As the UK’s oldest museum, it’s no surprise that the Royal Armouries is home to an intriguing collection, with objects such as Henry VIII’s horned helmet and a near-complete set of Mughal elephant armour capturing the imagination of visitors. However, tucked behind the scenes is a very special object. The Royal Armouries Manuscript I.33 (also known as the Tower Fechtbuch or the Walpurgis Fechtbuch, and often abbreviated to I.33), is the oldest known European martial arts manual, having been dated to the early 14th century. Yet, it’s not just the manual’s age that makes the book so special as, on the last surviving page, an unexpected figure appears with a sword and buckler in hand.
That figure is a woman called Walpurgis, but exactly who she is remains unclear. Is she Saint Walpurga, the 8th century missionary who travelled to Germany, where the manuscript originates from? Was she a real person, and if so, did she really wield a sword? Is she purely a work of fiction? We can never know for sure and the answers are lost to history.
But here at the Royal Armouries, we like to bring history to life. Walpurgis, and the other figures in the manuscript, recently left the pages of I.33 to deliver our partner schools outreach project: Mightier than the Sword.
Mightier than the Sword is a project aimed at fostering literacy and oracy confidence in local primary schools. Some elements of the project occurred in the classroom, and schools were provided with training, resources and visited by our storyteller in residence.
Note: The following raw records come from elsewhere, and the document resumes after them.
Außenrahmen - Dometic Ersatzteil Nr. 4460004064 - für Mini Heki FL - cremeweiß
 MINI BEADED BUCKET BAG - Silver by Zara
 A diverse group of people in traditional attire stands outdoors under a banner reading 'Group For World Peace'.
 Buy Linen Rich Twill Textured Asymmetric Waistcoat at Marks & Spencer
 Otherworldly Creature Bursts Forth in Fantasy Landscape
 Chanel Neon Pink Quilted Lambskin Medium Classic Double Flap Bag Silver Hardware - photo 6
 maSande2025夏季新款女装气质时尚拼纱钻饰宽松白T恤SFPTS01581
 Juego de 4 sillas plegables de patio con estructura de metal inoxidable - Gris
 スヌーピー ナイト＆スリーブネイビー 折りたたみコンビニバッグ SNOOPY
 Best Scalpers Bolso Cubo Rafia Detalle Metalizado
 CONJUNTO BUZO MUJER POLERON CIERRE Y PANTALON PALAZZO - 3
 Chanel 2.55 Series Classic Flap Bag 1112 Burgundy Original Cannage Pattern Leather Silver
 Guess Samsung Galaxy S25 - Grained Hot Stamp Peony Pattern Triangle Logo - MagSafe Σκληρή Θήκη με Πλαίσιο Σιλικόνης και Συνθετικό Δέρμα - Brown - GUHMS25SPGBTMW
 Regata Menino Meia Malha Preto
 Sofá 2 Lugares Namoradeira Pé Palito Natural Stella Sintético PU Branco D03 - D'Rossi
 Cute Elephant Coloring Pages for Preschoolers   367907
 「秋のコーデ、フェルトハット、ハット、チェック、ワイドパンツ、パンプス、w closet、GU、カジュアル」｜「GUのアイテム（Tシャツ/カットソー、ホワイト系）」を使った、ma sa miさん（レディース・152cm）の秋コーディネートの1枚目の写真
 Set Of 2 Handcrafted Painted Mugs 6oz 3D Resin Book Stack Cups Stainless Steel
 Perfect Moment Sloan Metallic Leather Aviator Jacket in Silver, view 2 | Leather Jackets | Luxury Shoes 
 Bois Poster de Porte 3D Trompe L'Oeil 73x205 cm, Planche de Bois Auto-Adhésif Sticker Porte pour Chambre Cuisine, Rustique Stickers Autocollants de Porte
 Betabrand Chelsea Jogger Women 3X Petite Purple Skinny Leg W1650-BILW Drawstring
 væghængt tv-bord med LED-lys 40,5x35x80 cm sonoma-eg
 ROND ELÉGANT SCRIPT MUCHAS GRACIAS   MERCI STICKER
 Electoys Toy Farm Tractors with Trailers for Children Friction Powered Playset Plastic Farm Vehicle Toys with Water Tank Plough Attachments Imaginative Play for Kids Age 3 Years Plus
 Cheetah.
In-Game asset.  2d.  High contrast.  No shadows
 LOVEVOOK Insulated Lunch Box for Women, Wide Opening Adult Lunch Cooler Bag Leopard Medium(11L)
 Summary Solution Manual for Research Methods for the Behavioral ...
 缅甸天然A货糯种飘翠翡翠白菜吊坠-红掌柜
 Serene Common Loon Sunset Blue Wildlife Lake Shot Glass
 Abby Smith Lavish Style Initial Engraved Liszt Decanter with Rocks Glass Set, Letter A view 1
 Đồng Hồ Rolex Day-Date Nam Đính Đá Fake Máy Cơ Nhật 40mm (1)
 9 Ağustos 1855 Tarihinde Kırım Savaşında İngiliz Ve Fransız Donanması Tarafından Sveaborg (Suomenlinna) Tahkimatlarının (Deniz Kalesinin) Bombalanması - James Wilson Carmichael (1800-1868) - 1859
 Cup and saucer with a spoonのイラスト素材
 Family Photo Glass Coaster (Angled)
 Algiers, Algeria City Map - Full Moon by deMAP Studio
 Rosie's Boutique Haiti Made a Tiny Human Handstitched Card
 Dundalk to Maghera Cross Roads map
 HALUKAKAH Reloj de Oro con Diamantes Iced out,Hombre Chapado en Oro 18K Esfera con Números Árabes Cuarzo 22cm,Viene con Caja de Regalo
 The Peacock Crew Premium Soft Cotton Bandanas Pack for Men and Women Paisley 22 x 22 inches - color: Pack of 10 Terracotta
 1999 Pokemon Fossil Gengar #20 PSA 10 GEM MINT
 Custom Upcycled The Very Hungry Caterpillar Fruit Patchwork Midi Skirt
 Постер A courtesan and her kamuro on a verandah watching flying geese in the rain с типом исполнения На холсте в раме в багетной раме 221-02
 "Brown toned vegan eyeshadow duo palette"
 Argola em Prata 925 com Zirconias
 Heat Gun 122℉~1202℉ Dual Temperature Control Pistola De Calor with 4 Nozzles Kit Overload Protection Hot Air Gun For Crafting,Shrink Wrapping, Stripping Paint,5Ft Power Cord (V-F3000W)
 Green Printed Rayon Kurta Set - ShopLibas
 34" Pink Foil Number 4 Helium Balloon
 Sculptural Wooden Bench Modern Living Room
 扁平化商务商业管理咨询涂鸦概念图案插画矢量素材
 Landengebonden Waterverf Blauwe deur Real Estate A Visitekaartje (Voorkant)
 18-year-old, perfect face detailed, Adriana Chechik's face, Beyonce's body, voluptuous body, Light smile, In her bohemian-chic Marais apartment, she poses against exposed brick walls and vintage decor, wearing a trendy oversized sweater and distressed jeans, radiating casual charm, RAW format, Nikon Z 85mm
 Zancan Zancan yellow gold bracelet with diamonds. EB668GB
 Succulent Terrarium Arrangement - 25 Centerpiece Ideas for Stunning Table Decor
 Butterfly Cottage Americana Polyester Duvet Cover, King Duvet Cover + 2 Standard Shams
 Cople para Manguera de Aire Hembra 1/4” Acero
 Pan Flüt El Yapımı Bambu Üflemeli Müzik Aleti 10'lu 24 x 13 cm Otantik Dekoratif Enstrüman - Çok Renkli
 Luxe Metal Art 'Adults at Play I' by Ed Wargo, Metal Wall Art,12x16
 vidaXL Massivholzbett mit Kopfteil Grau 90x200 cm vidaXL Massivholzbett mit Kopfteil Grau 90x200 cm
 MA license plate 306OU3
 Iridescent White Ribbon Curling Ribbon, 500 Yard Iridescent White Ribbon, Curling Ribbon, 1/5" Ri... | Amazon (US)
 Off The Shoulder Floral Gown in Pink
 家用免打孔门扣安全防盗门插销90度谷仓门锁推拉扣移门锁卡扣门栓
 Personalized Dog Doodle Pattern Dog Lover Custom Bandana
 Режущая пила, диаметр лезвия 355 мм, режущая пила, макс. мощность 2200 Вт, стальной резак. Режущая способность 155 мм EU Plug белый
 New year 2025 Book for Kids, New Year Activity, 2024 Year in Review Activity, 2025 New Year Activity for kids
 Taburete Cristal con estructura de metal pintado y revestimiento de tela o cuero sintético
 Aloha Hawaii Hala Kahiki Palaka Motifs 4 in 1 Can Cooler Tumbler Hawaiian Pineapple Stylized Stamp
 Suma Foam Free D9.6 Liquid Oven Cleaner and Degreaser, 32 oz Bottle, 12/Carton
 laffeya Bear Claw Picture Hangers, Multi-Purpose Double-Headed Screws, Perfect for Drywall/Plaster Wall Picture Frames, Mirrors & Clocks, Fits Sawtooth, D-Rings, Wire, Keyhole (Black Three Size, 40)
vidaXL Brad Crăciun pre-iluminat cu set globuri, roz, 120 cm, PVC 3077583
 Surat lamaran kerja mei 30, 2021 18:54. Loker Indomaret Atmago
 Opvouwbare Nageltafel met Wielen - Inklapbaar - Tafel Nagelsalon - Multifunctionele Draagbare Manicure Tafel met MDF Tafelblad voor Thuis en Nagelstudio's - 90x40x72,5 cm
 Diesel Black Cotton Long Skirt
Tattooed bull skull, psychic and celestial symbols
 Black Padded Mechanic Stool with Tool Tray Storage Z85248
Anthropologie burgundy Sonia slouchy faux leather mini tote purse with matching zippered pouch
At the museum, pupils got to meet Walpurgis, alongside the other figures depicted in the manuscript: a Priest and a Student. Although today the popular image of a priest is not one of violence, evidence indicates that secular clergy of the period did sometimes carry arms. Given one theory suggests I.33 was produced at a cathedral school, the character of the Priest was an apt figure to teach pupils about all about combat. Participants got to pick up their own sword and buckler and put the stances seen in I.33 into action.
The mystery surrounding Walpurgis’ identity gave us a character perfect for inspiring storytelling: a blank canvas for children to project their ideas on to. For the purposes of our workshop, she became a young woman keen to learn the art of combat, but held back by the societal norms of her time. Participants helped Walpurgis overcome her insecurities through language: using their words to create her world and install her with confidence. Words used in the session were turned into a poem about growing confidence, which gave Walpurgis the courage to demonstrate her sword and buckler skills. Since moving to Leeds in 1996, live combat has been a key attraction at the Royal Armouries, and witnessing this exclusive demonstration, of course, brought great excitement to the pupils.